Section 1.14. Moneys of Different Currencies to Be Segregated.
The Trustee shall segregate all moneys, funds and accounts held by the
Trustee hereunder in one currency from any moneys, funds and accounts held
by the Trustee hereunder in any other currencies, notwithstanding any
provision herein which would otherwise permit the Trustee to commingle such
amounts.
Section 1.15. Independence of Agreements. All agreements in this
Indenture shall be given independent effect so that if a particular action
or condition is not permitted by any such agreement, the fact that it would
be permitted by an exception to, or be otherwise within the limitations of,
another agreement shall not avoid the occurrence of a Default or an Event
of Default if such action is taken or condition exists.
Section 1.16. Counterparts. This Indenture may be executed in any
number of counterparts, each of which shall be an original, but such
counterparts shall together constitute but one and the same instrument.
ARTICLE 2
SECURITY AND SUBORDINATED GUARANTEE FORMS
Section 2.1. Forms Generally. The Securities of each series and
the interest coupons, if any, to be attached thereto and the Subordinated
Guarantees to be endorsed thereon shall be in substantially such form as
shall be established by or pursuant to a Board Resolution or in one or more
indentures supplemental hereto, in each case with such appropriate
insertions, omissions, substitutions and other variations as are required
or permitted by this Indenture, and may have such letters, numbers or other
marks of identification and such legends or endorsements placed thereon as
may be required to comply with the rules of any applicable securities
exchange, organizational document, governing instrument or law or as may,
consistently herewith, be determined by the officers executing such
Securities and interest coupons, if any, or Subordinated Guarantees to be
endorsed thereon, as the case may be, as evidenced by their execution of
the Securities and interest coupons, if any, or Subordinated Guarantees to
be endorsed thereon, as the case may be. If temporary Securities and
Subordinated Guarantees of any series are issued as permitted by Section
3.4, the form thereof also shall be established as provided in the
preceding sentence. If the forms of Securities and interest coupons, if
any, and Subordinated Guarantees of any series are established by, or by
action taken pursuant to, a Board Resolution, a copy of the Board
Resolution together with an appropriate record of any such action taken
pursuant thereto, including a copy of the approved form of Securities or
interest coupons, if any, and Subordinated Guarantees shall be delivered to
the Trustee at or prior to the delivery of the Company Order contemplated
by Section 3.3 for the authentication and delivery of such Securities.

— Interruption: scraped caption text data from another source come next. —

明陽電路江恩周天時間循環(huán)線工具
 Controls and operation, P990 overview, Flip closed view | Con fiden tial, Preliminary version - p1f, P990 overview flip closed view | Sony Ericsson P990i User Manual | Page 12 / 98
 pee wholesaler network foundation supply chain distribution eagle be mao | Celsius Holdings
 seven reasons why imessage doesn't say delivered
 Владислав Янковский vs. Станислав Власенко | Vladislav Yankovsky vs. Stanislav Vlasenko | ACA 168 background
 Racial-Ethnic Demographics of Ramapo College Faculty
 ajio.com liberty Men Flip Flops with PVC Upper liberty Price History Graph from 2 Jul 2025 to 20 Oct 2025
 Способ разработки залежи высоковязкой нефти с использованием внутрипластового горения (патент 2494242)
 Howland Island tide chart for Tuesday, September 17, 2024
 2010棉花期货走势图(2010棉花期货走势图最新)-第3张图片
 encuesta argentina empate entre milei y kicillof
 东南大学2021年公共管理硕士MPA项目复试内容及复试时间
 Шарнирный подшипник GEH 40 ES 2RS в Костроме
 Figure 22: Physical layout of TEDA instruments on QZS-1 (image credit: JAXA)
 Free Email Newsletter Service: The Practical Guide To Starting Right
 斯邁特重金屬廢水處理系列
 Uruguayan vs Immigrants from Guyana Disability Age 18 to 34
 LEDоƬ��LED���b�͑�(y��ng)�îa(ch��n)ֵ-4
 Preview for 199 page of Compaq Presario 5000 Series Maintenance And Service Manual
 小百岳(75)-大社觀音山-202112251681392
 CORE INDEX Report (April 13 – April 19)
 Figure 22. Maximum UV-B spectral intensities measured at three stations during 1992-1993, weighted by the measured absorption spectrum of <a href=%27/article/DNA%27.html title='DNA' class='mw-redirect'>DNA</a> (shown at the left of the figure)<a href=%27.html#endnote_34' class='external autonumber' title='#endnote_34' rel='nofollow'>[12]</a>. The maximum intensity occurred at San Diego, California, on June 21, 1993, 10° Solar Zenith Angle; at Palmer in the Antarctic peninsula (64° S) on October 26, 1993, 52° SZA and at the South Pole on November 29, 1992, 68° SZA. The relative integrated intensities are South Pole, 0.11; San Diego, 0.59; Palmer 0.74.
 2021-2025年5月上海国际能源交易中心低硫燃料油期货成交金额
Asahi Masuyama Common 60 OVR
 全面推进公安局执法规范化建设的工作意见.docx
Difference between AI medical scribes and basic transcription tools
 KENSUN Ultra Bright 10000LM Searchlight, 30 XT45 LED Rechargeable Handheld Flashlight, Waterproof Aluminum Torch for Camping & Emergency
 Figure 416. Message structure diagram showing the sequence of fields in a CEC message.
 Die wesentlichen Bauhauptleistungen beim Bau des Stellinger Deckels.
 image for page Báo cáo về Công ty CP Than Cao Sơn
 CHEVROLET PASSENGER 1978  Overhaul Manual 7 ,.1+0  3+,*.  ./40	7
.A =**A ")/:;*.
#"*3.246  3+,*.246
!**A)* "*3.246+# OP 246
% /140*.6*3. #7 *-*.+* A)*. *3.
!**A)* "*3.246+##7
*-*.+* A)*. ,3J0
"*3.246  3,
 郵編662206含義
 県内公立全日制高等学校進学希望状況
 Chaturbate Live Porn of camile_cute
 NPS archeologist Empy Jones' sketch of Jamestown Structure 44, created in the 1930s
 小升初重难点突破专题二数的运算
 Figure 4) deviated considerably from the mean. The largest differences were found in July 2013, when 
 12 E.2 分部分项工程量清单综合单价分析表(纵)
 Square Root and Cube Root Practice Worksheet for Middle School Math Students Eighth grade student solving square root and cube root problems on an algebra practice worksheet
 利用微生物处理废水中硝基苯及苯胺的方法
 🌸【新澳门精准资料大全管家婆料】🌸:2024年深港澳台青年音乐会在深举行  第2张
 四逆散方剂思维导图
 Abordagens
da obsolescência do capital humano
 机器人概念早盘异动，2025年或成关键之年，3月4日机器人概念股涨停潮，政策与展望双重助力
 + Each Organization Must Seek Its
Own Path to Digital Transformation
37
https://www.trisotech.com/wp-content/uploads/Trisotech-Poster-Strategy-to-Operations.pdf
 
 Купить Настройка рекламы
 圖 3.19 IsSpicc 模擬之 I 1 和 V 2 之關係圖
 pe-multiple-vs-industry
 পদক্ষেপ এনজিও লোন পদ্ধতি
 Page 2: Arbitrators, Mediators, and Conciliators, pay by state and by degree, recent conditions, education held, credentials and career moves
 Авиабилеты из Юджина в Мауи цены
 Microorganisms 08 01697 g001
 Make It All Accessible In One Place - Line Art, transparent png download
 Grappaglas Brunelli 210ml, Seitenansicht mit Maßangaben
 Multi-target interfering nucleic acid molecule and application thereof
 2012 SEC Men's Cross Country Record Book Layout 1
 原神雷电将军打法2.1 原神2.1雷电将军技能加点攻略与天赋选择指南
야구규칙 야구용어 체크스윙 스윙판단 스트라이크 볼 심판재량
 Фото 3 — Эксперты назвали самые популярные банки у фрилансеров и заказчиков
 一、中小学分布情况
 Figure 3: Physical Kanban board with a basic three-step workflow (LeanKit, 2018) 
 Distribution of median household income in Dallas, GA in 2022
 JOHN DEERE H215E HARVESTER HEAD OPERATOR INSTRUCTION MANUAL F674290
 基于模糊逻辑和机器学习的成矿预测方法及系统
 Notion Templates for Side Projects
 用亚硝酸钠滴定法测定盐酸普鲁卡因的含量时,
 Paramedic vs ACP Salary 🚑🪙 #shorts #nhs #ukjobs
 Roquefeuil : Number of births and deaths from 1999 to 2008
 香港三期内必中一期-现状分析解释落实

Unless otherwise specified as contemplated by Section 3.1, Bearer
Securities shall have interest coupons attached.
The definitive Securities and interest coupons, if any, may be
printed, lithographed or engraved on steel engraved borders or may be
produced in any other manner (or, if such Securities are listed on any
securities exchange, any other manner permitted by the rules of such
securities exchange), all as determined by the officers executing such
Securities and interest coupons, if any, as evidenced by their execution of
such Securities and interest coupons, if any.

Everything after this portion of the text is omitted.